Biz de hareketleniyoruz, Avesta, komutana ulaşıyor ancak ”henüz değil” cevabı geliyor. Biraz daha bekliyoruz. Kaniya Kurda, alınırsa Kobanê’nin özgürlüğü ilan edilecek. Savaşçılar heyecandan yerinde duramıyor. Dile kolay, dört ayı aşkın süre, her türlü silah tekniği, takviye üstünlüğü, sayısal uçurum ve insanlık dışı yöntemlere karşı, az sayıda cephane, yetersiz gıda, giyim ve bazen günlerce uykusuz kalarak, dondurucu soğuklarda parmaklarını bir an olsun tetikten düşürmeden, teslim olmamak için ikirciksiz şekilde ölümün üzerine yürüyerek, ama bir an olsun özgür yaşamda ısrar’ etmekten vazgeçmeden, adeta fizik kurallarını yerle bir eden direniş yürüttüler.
CUDİ’NİN ERBANESİ İLERLEMEYİ ANLATIYOR
‘İlk olarak önderliğin posterini asacağız Kaniya Kurda Tepesine” diyor, kadın savaşçılardan biri. O bunları söylerken telsizden bu defa YPG svaşçısı Cudi’nin erbanesi ve çatışmaların ortasında söylediği şarkılar yankılanıyor.
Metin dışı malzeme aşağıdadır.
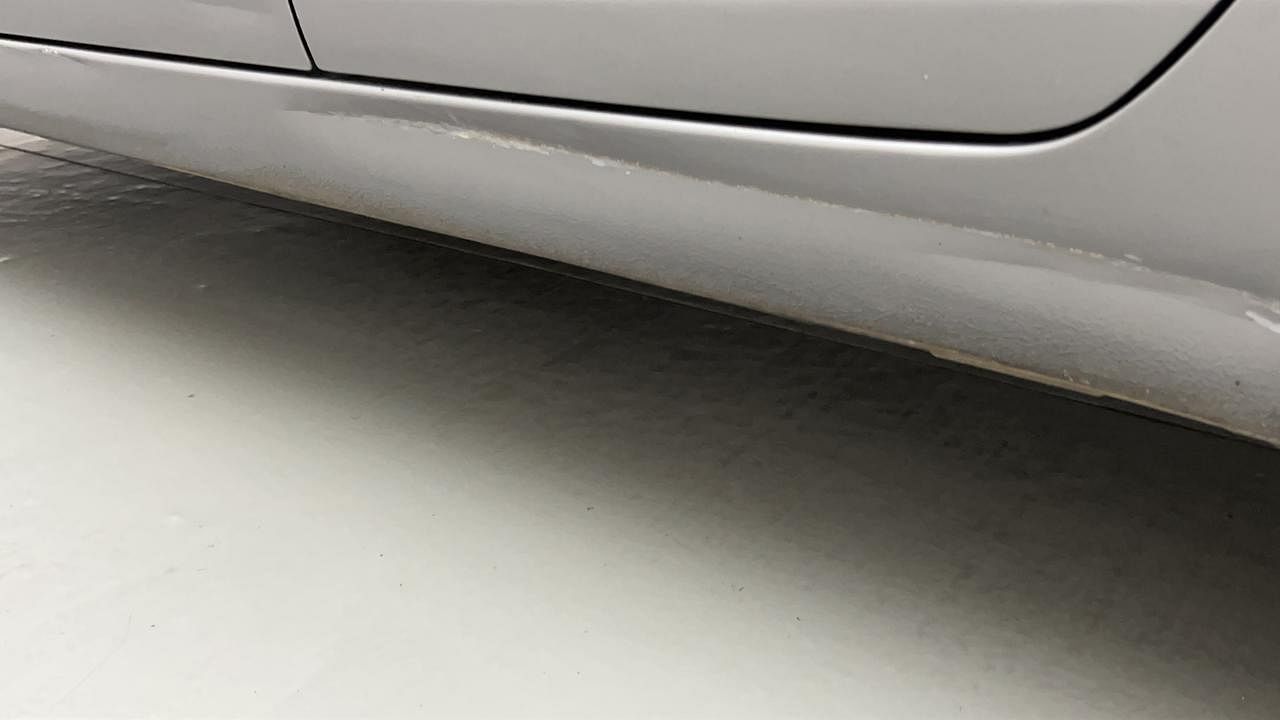 Used 2014 Maruti Suzuki Swift Dzire VXI Petrol Manual dents MINOR SCRATCH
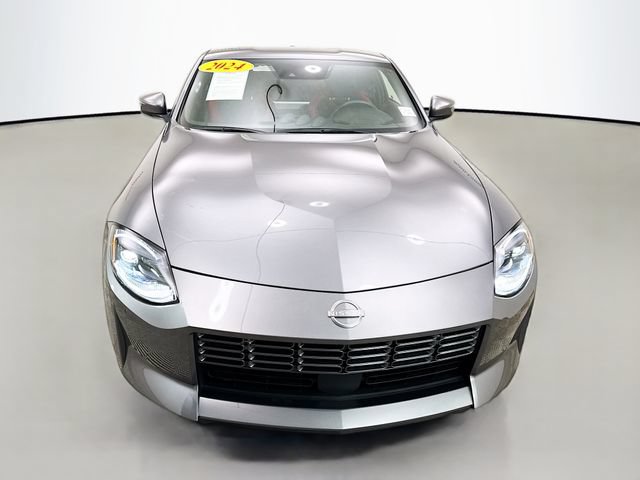 Used 2024 Nissan Z Performance w/ Floor Mat Package RWD image 2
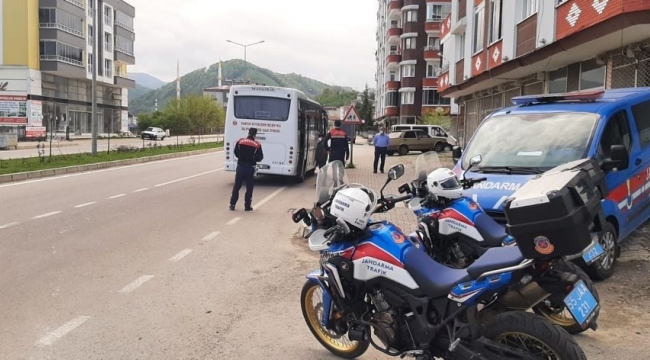 İstanbul'dan belgesiz yolculuk jandarmaya takıldı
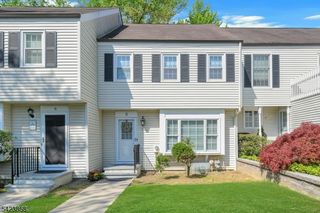 8 Pembroke Dr, Mendham Boro, NJ 07945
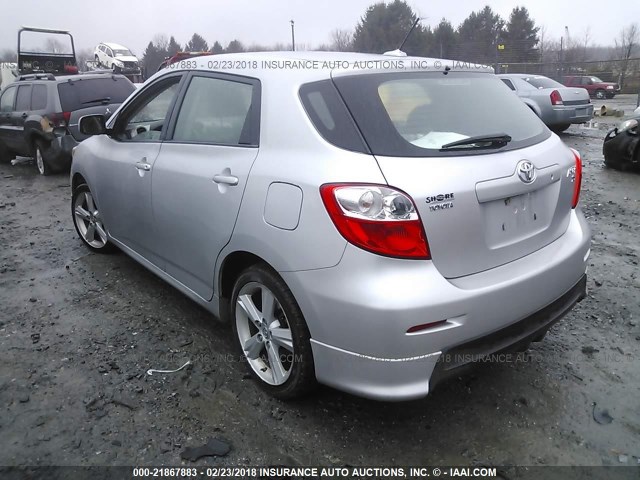 2T1KE40E49C020770 - 2009 TOYOTA COROLLA MATRIX S SILVER photo 3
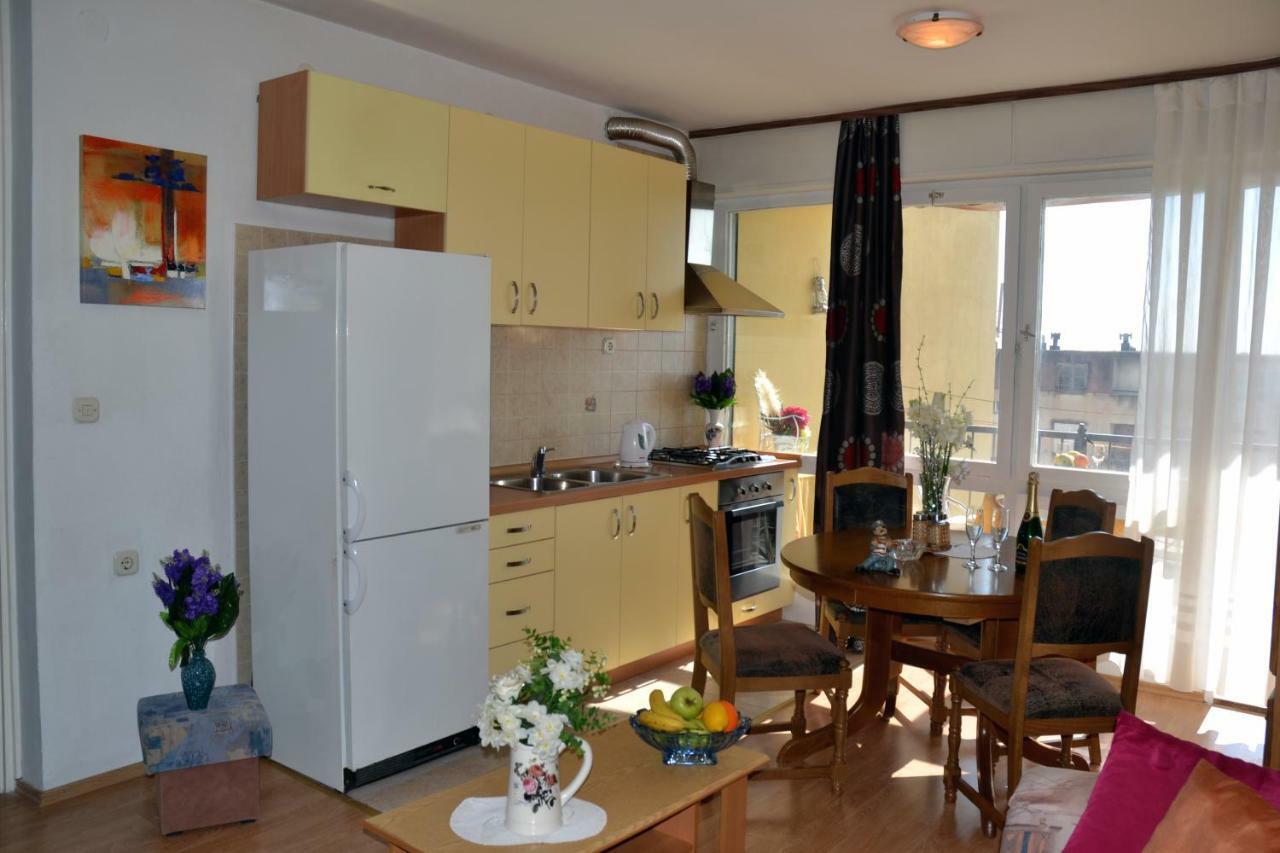 Apartment Alenka Makarska Exterior photo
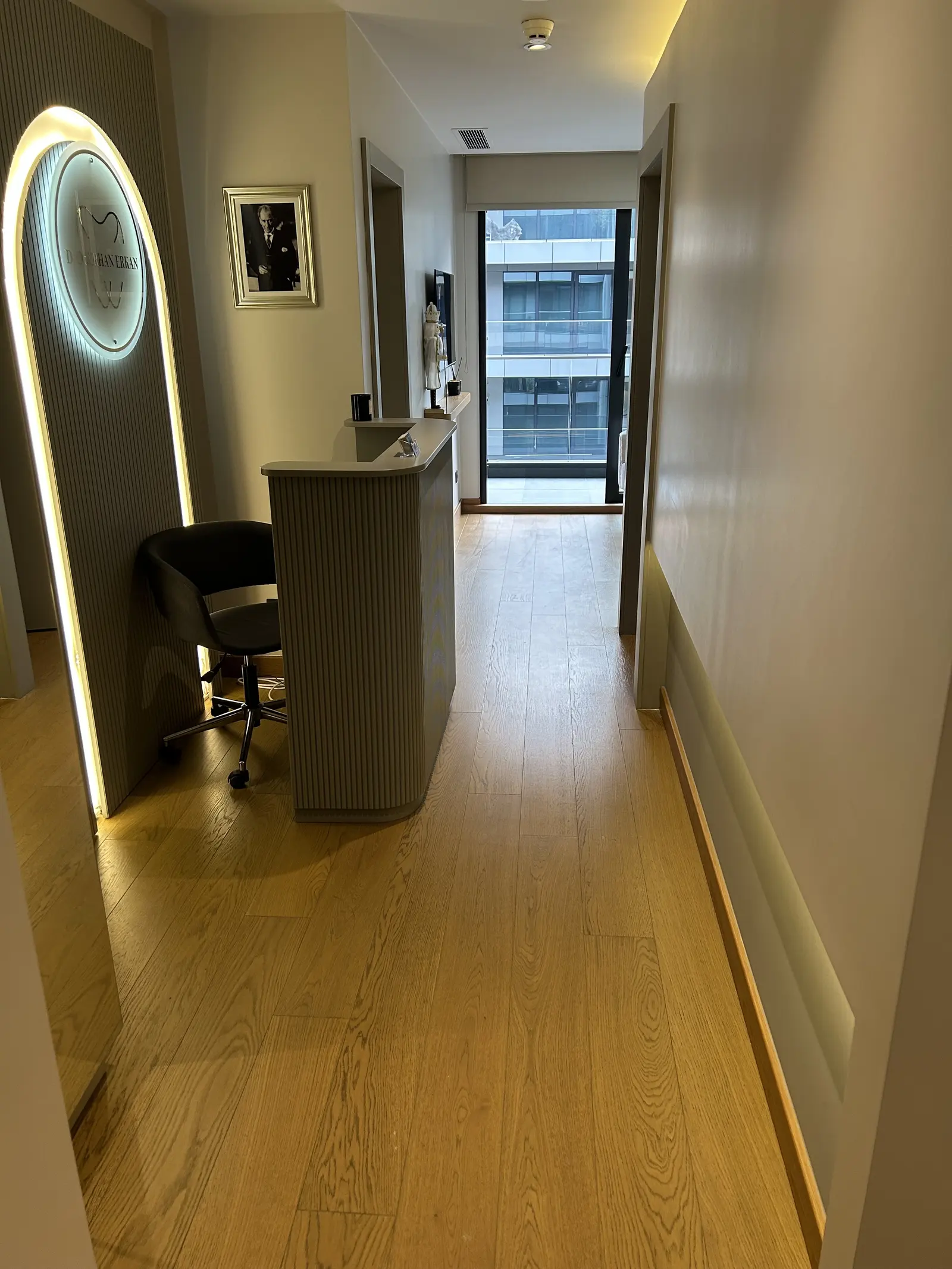 Clinic-provided photograph of Dr Erhan Erkan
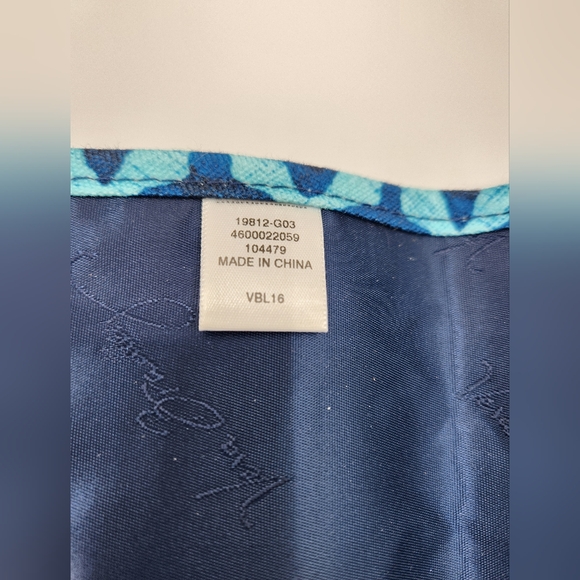 Vera Bradley Cosmetic Brush Organizer with Cuban Tiles Design - Picture 7 of 10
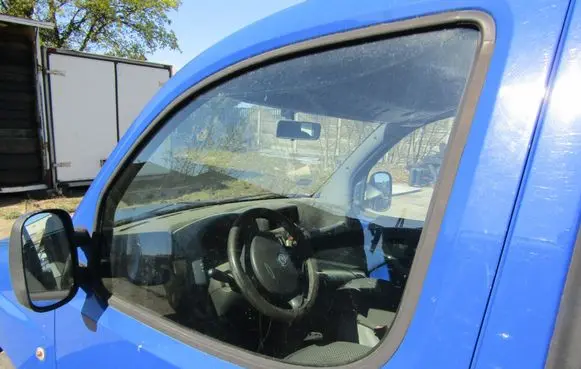 Fiat Doblo Front door window glass four-door 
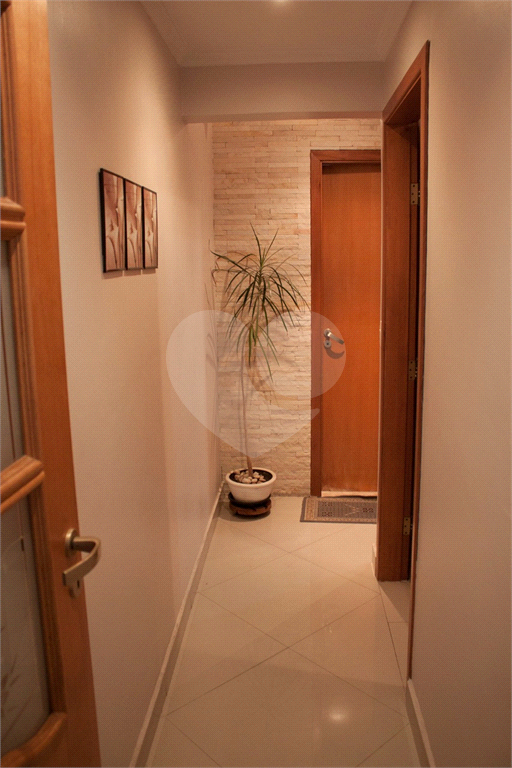APARTAMENTO em VILA ROSÁLIA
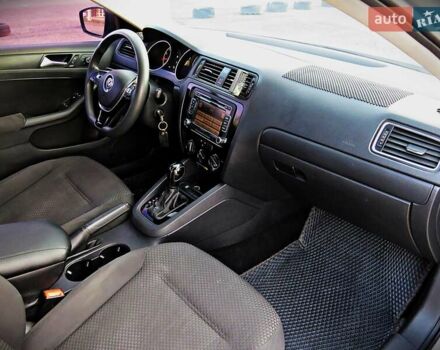 Фольксваген Джетта 2010 у Черкасах на Automoto.ua Сірий Фольксваген Джетта, об'ємом двигуна 2 л та пробігом 222 тис. км за 7400 $, фото 14 на Automoto.ua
Bu biraz daha ilerlediklerine dair bir işaret olarak değerlendiriliyor.
YPJ SAVAŞÇISININ SÖYLEDİĞİ MARŞ ZAFERİ MÜJDELİYOR
Bir süre sonra bu kez telsizdeki bir YPJ savaşçısının sesinden ”Biji Rojava” adlı marşın ‘Keç û Xortên Kûrdistan, Şer Dikin Ji bo Niştiman” sözleri yükseliyor. Bundan sonra artık komutana haber verilme gereği duyulmadan YPJ/YPG savaşçıları öne doğru gidiyor. Biz de onlarla birlikte gidiyoruz. Kaniya Kurda bölgesine ulaşıyoruz. Kontrollü bir yolculuk oluyor ancak noktaya vardığımızda az önce sona eren çatışmaların ardından çekilen özgürlük halayı ile karşılaşıyoruz. Kaniya Kurda Tepesinin hemen karşısında yer alan caddede halaya tutuşan savaşçılar Kaniya Kurda’yı DAİŞ çetelerinden temizleyerek Kobanê’yi özgürleştirmenin derin mutluluğunu yaşıyor. Şarkılar söyleniyor, sloganlar atılıyor.
DERİN MUTLULUK, DERİN HÜZÜN
Tüm savaşçılar birbirine sarılıyor. Yüzlerinden tarifsiz bir mutluluğun ifadesi okunuyor. Ama bakışlara yansıyan derin bir hüzün de hemen fark ediliyor. Kobanê’de şehit düşenlerin acısı belki de en çok özgürlüğün ilan edildiği gün hissedildi. Kobanê, en mutlu gününde, en çok da bu kavgada kahramanca düşen şehitlerini hissetti. Ve mutluluğuna derin bir hüzün de eşlik etti.
YPG BAYRAĞI KANİYA KURDA’DA DALGALANIYOR
YPG/YPJ savaşçıları dev bir YPG bayrağını Kaniya Kurda Tepesine dikmek için yol almaya başlarken bizler de onlara eşlik ediyoruz. Tepeye vardığımızda savaşçıların “Biji Serok Apo”, “Biji berxwedana Kobanê” sloganları ortalığı inletiyor. Dev bayrak Kaniya Kurda Tepesine dikiliyor. Kürt Halk Önderi Abdullah Öcalan’ın posterleri ise önceki savaşçı grubu tarafından zaten Tepeye asılmıştı.
‘Kobanê’nin DAİŞ’in cehennemi olduğunu tüm dünyaya, Kobanê’ye giriş yaptığı Kaniya Kurda’dan ilan edeceğiz” diyen Meryem Kobanê’nin bu sözleri amansız direnişin 134. gününde gerçeğe dönüşüyor. Kobanê direnişi, zamanı ”Kobanê’den önce ve sonra ” diye ikiye ayırdı. Tarih Kobanê’de kesintiye uğradı ve yeniden yazıldı. Ya da Stefan Zweig, yaşasaydı şunu mutlaka söylerdi: ”Kobanê insanlık tarihinde yıldızın parladığı andır!”